Understanding claims and claiming

What you can expect from us throughout the claim process

Here we explain in detail what to expect throughout the insurance claims process.  We provide you with the information required for each type of claim, claim timeframes and what to do if your claim is declined or should you wish to provide feedback on your claim experience.

If you need to make a claim, the first thing to do is call us on 1300 553 764 Monday to Friday 8.00am to 6.30pm (Sydney time).

Information required when submitting a claim

Below is a general guide of information that we may need to assess your claim and why this information is needed. Requirements may vary depending on the individual circumstances of your claim. Where possible, we will tailor the initial requirements to your circumstances when you call us.

The type of information that we will require from you will depend on the type of cover held on your policy(s).

Loss of income (Income Protection & Business Overheads)

If we are unable to make a decision over the phone, you may need to provide:

  • Initial claim forms (which we will send to you) that include sections for you and your treating doctor/specialist, to help us understand your circumstances and medical condition/s.
  • Any relevant medical information you may hold, such as copies of medical reports, test results and/or specialist letters, to help us understand the nature of your medical condition/s. This can save time should we require this from your treating health provider.
  • Documents that help to confirm your income prior to your disablement, this will vary depending on whether you are self-employed or an employee. This may include payslips, tax returns, Notice of Assessment’s, or relevant business statements.
  • Certified copy of your driver’s licence, birth certificate or passport, to confirm your identification and age.

Permanent disability (Total and Permanent Disability)
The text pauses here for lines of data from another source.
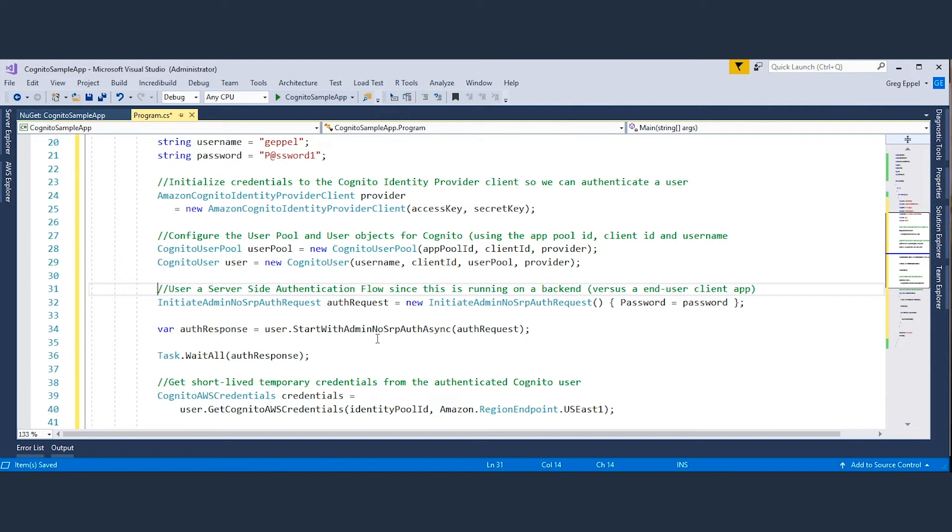Next, we initialize a Cognito user pool and Cognito user object with the username, app pool ID, client ID, and the provider object we just created.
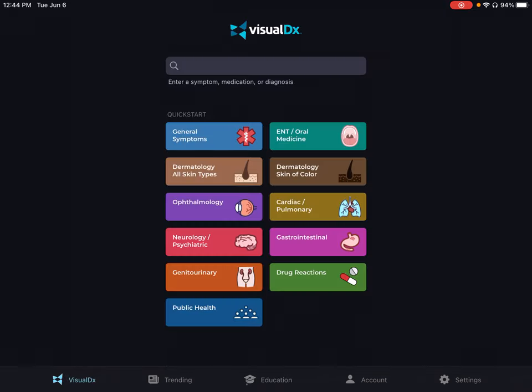Students with questions about VisualDx should contact the library at library@rvu.edu. Thank you.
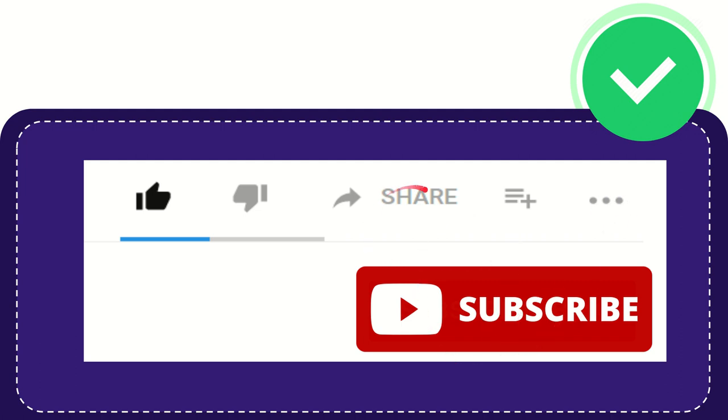I think that's all of it. Thank you so much for watching this video and see you again in another video. Bye bye, see you again.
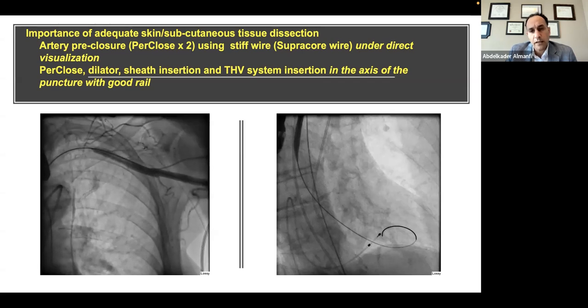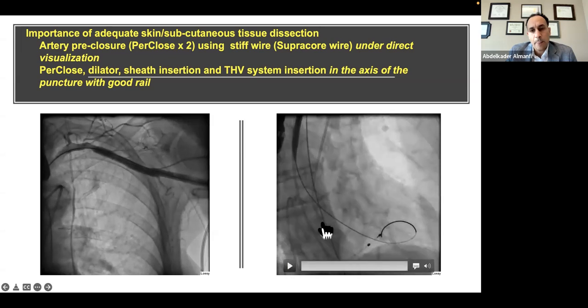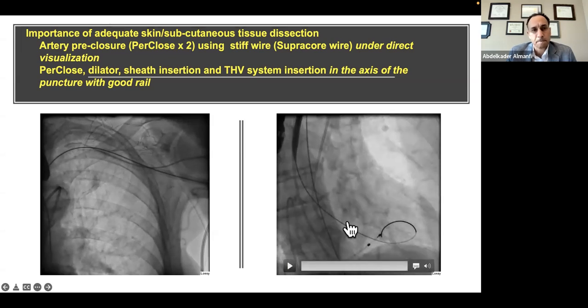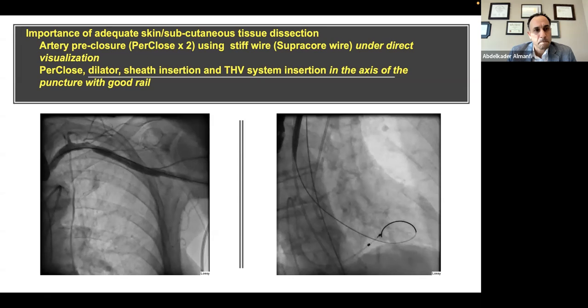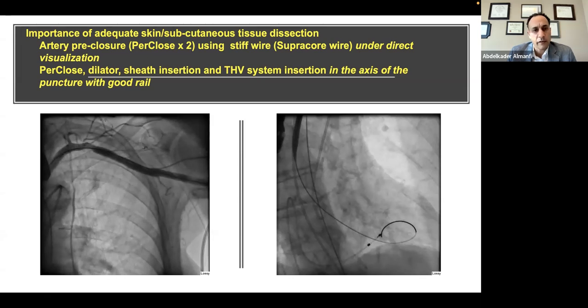We always obtain a view where we can advance the double pre-close technique to secure the axillary access. Next, we cross the valve in the same fashion using an AL1 catheter and place a Lunderquist coarse wire in the ventricle — the same usual fashion as the femoral approach. We then advance the dilator over the stiff wire to obtain a track and a good rail to advance the valve.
To make a disability claim you may need to provide:

  • Initial claim forms (which we will send to you) that include sections for you and your treating doctor/specialist, to help us understand your circumstances and medical condition.
  • Any relevant medical information you may hold, such as copies of medical reports, test results and/or specialist letters, to help us understand the nature of your medical condition/s. This can save time should we require this from your treating health provider.
  • Occupational information to understand your work history, including education, training, and experience.
  • Depending on the relevant policy terms applicable to your circumstances, documents that help to confirm your income prior to your disablement as well as post disablement. This may include payslips, tax returns, Notice of Assessment’s, or relevant business statements.
  • Certified copy of your driver’s licence, birth certificate or passport, to confirm your identification and age.

Term Life Insurance (Terminal illness)

To make a terminal illness claim you may need to provide:

  • Initial claim forms (which we will send to you) that include sections for you, your treating doctor and your treating specialist, to help us understand your medical condition and life expectancy.
  • Any relevant medical information you may hold, such as copies of medical reports and/or investigations performed, to help us understand the nature of your medical condition. For example, histopathology for a cancer claim. This can save time should we require this from your treating health provider/s if necessary.
  • Certified copy of your driver’s licence, birth certificate or passport, to confirm your identification and age.
  • Certified Power of Attorney or Enduring Guardian, in the instance that you are not well enough to complete and provide this information independently.

Term Life Insurance (Death benefit)

To make a death claim your dependants may need to provide:

  • A completed claim form, to help us understand the deceased’s details and circumstances of their death.
  • A certified copy of the deceased’s birth certificate, drivers’ licence or passport to confirm the deceased’s identification and age.
  • A certified copy of the deceased’s Will (if available), so we can identify beneficiaries.
  • For policies with a sum insured of more than $100,000, evidence of a grant of Probate or Letters of Administration are required to distribute the benefit. Where a valid legal Will exists, the appointed executor applies to a Court for a grant of Probate. Where no legal Will exists, usually the closest next-of-kin applies to a Court for a grant of Letters of Administration.
  • For policies with a sum insured of $100,000 or less, we may be able to pay a benefit without requiring the production of any Probate or Letters of Administration. We may require a Statutory Declaration to enable payment of the benefit.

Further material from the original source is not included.